Aveva settantacinque anni, quando vide la sua terra minacciata. Salì sulla galera “Capitana“, accanto alla Real di Don Giovanni d’Austria, e impugnò una balestra. Era il 1571, pochi mesi prima, nella torrida estate di Famagosta, il veneto Marc’Antonio Bragadin era stato scorticato vivo per essersi opposto alla dominazione turca ed essersi rifiutato di convertirsi all’Islam. La Serenissima, e l’Occidente tutto, erano sotto attacco: l’impero ottomano del sultano Mehmet II era potente, e pronto all’invasione. Così le forze dell’Europa  si erano unite nella Lega Santa, sotto l’egida di Papa Pio V, sperando in una solida risposta all’invasione turca. Tra i vari illustri del tempo, Machiavelli e Tasso (il quale vide la propria casa di Sorrento saccheggiata dai turchi e alcuni familiari rapiti e fatti schiavi), si esposero a favore di una battaglia decisiva.
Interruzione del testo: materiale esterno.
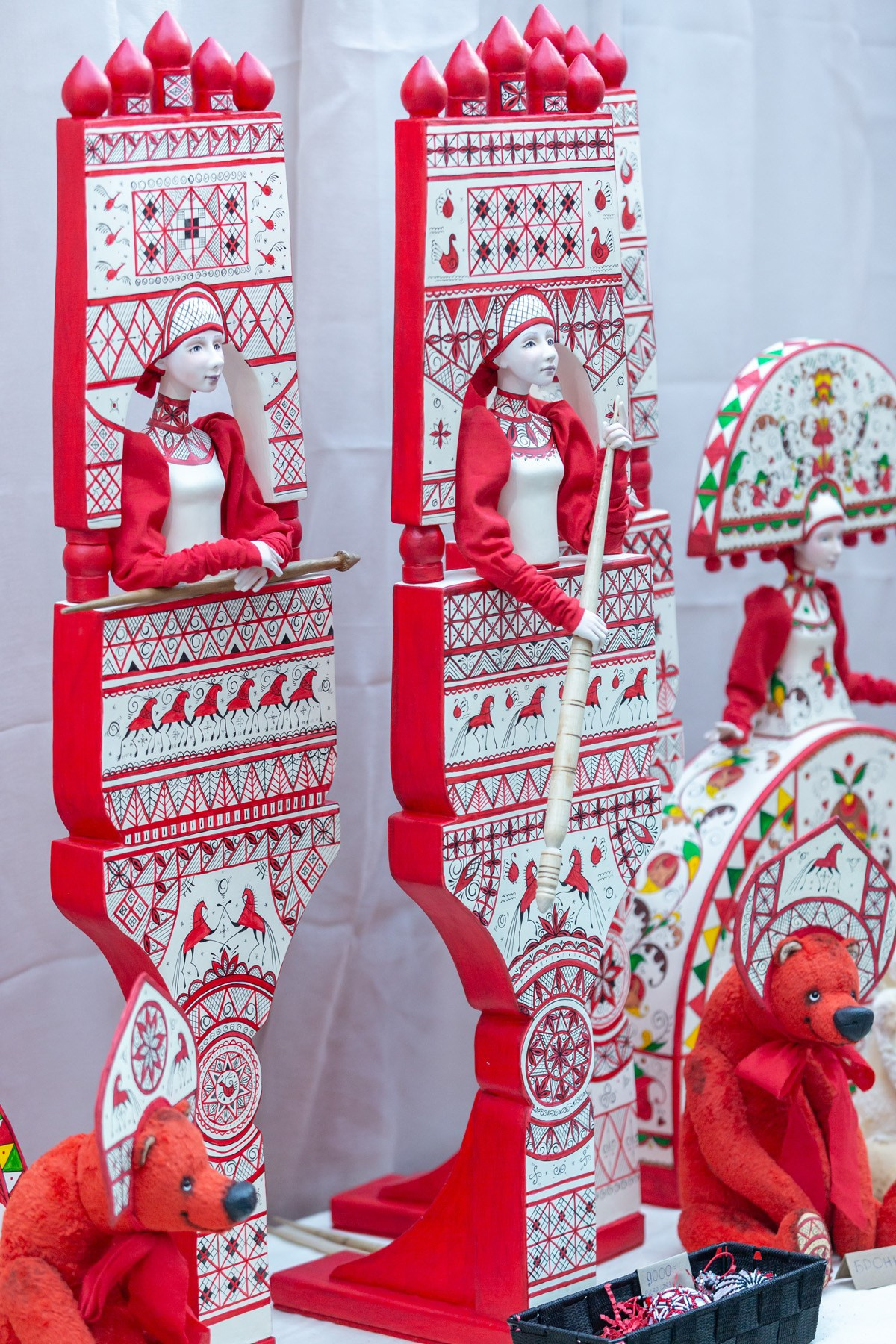 Международная выставка «Искусство куклы 2025», Москва, Гостиный двор, 9–12 октября 2025 г. Портретные фотографы в Москве — Анна и Алексей Бородины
Tra gli altri combattenti, Sebastiano Venier, già procuratore di San Marco, provveditore di Corfù, provveditore generale di Cipro e Capitan General da mar, salì sul ponte della sua nave, con delle pantofole, per stare più attaccato al suolo anche a causa dei suoi calli, ed impugnò una balestra. A un servo chiese solo di ricaricargliela ogni volta, poichè l’avanzata età non glielo permetteva. In compenso, grazie alla sua ottima mira, falciò numerosi nemici. Una freccia gli si conficcò nel piede, se la strappò da solo.

Al suo ritorno fu acclamato dalla folla, e nominato Doge sei anni dopo, (nonostante i dissapori con il covincitore Don Giovanni d’Austria.) Un anno dopo il dogato, però, morì. Riposa nella Basilica dei Santi Giovanni e Paolo, nel sestiere di Castello, a Venexia.